Junkermann said in an interview that those fleeing violence in places such as Libya should be granted safety and help.
“That we should help civil war refugees should not be put under question,” she said. “That is Christian duty, citizens’ duty in a global society.”
Europe must help – not only in Libya itself but also here in accepting refugees.
Referring to the current arguments over what to do with the illegal immigrants who have already landed in Italy, she said, “I find it disturbing how politics is being conducted on the backs of those people concerned.”
It is not possible to simply refuse entry, she said. “That is too little in a globalised world where one demands the ability to act as free as possible worldwide in ones own interests.”
Junkermann said the European Union should develop a migration and integration policy for refugees. “There is a clear policy which grants freedom of movement within the European region, and that the borders are open. But the price is high – the borders are as good as closed to the outside.”
This was unfair, she said, and said that a “certain permeability of European borders,” should be the aim.
Instead, those willing to risk their lives enter illegally and take their chances once here.
Around 26,000 people have made it across the Mediterranean so far this year, with many landing on the Italian island of Lampedusa which is just 150 kilometres from the Tunisian coast. Most end up interned in overcrowded camps.
To relieve the pressure, Italy has started issuing refugees from Tunisia with six-month Italian visas which give them the right to move throughout the EU.
This has infuriated many other European politicians – not least French President Nicolas Sarkozy.
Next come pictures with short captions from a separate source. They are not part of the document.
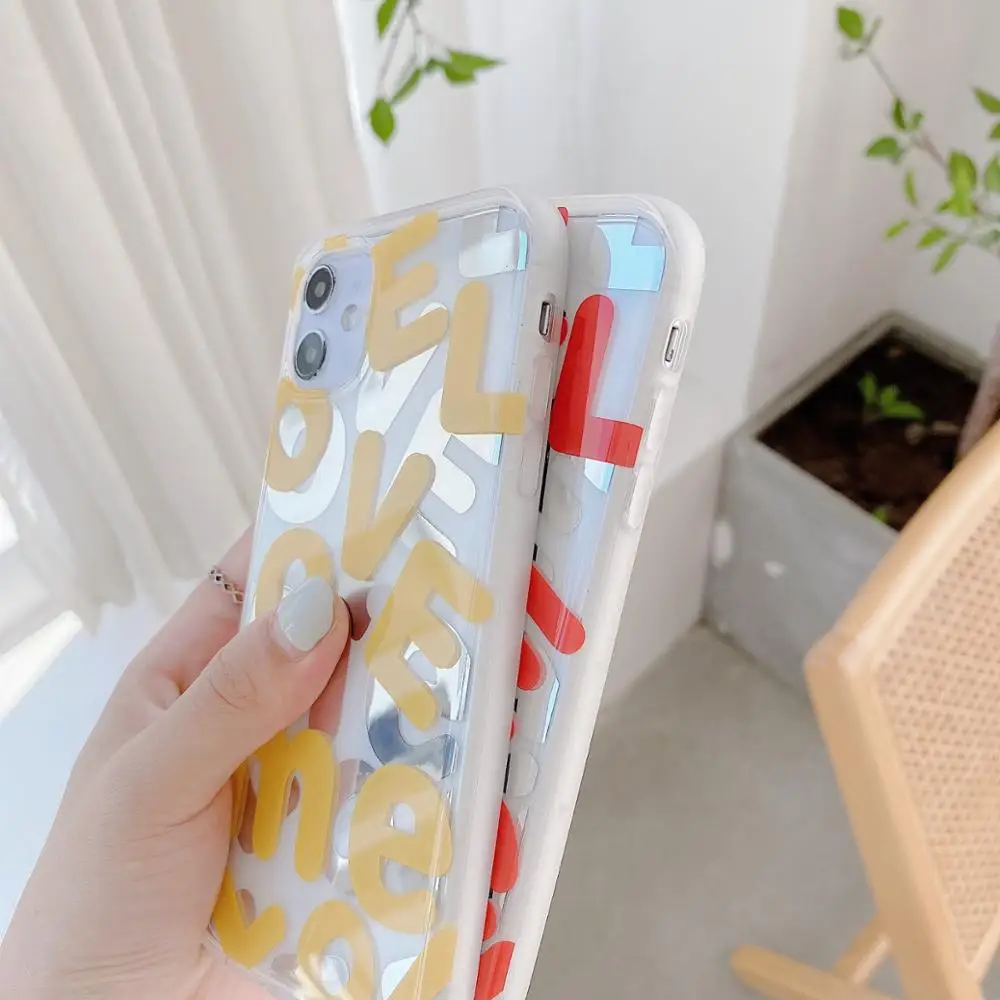 

Plating Silver LOVE Letters Luxury Clear Phone Case For iPhone 11 Pro Max 12Pro Mini XR X SE 2020 XS 7 8 Plus Soft Silicon Cover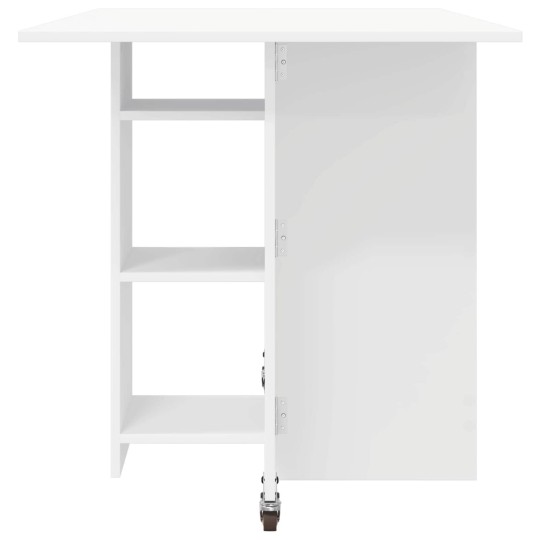 Сгъваема трапезна маса в стил Modern Minimalist, ЛПДЧ бял мат, 115 x 70 см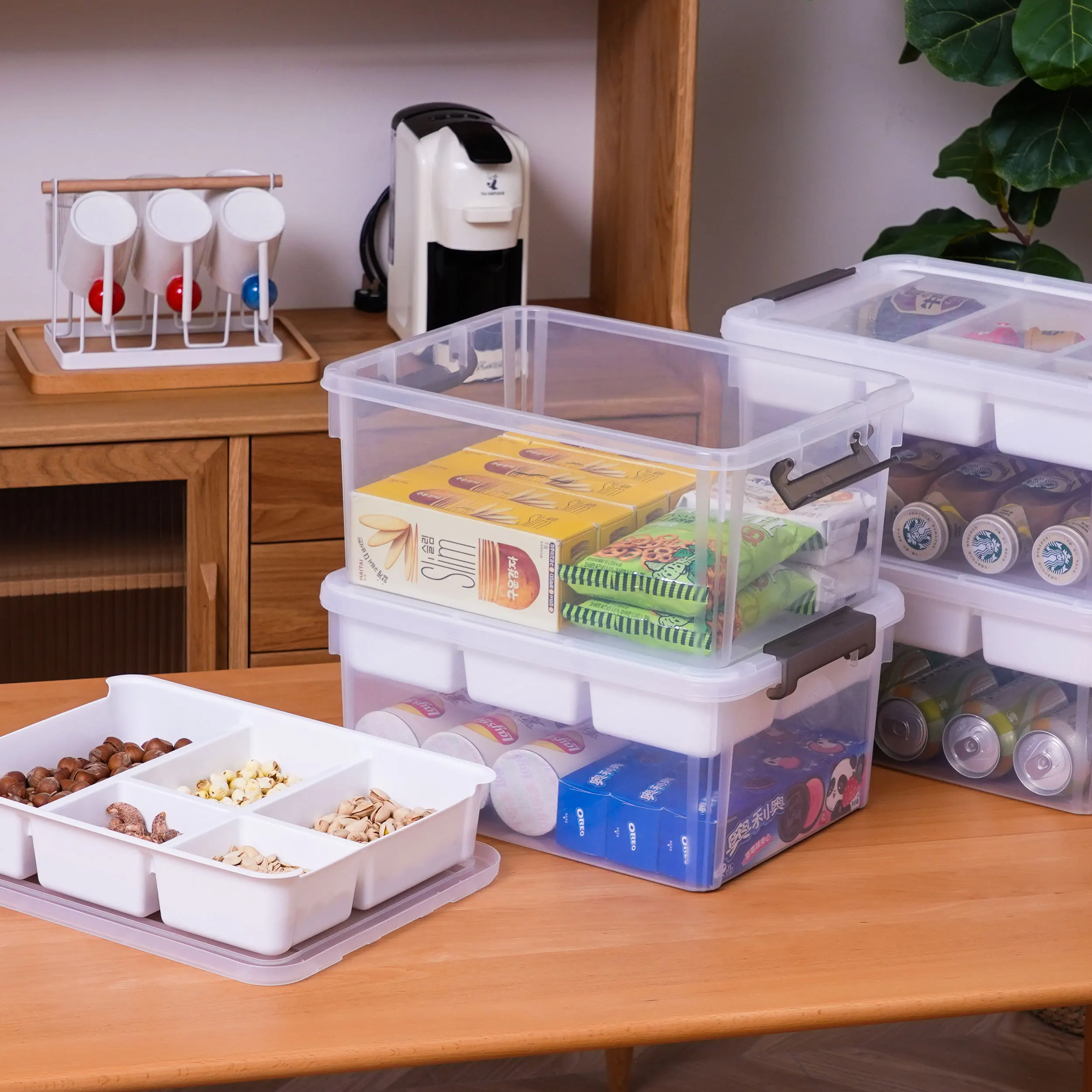 Beads/storage Small Storage Bins 16L Mini Plastic Storage Container Stackable Box with Lids for Organizing, Clear White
He has mooted lifting the Schengen agreement which abolished border checks between EU member states, in order to try to stop North African refugees from heading to France.
The German Interior Ministry said it was monitoring the situation and was prepared to strengthen border checks, although there was no indication that many North African refuges would be heading for Germany.
Nonetheless, Bavarian state Interior Minister Joachim Hermann said he was outraged by the Italian move. “The behaviour of the Italian government is unreasonable,” he told Der Spiegel magazine.
“Italy must stop granting residence permits to Tunisian economic refugees as soon as possible.”
The first Tunisian with such a visa was spotted in Germany last week according to a report in Der Spiegel.
The man not only had the correct paperwork but also enough money for his stay in Germany, the report said, so the border police who had been making a routine check on a train from Milan to Munich, did not stop him.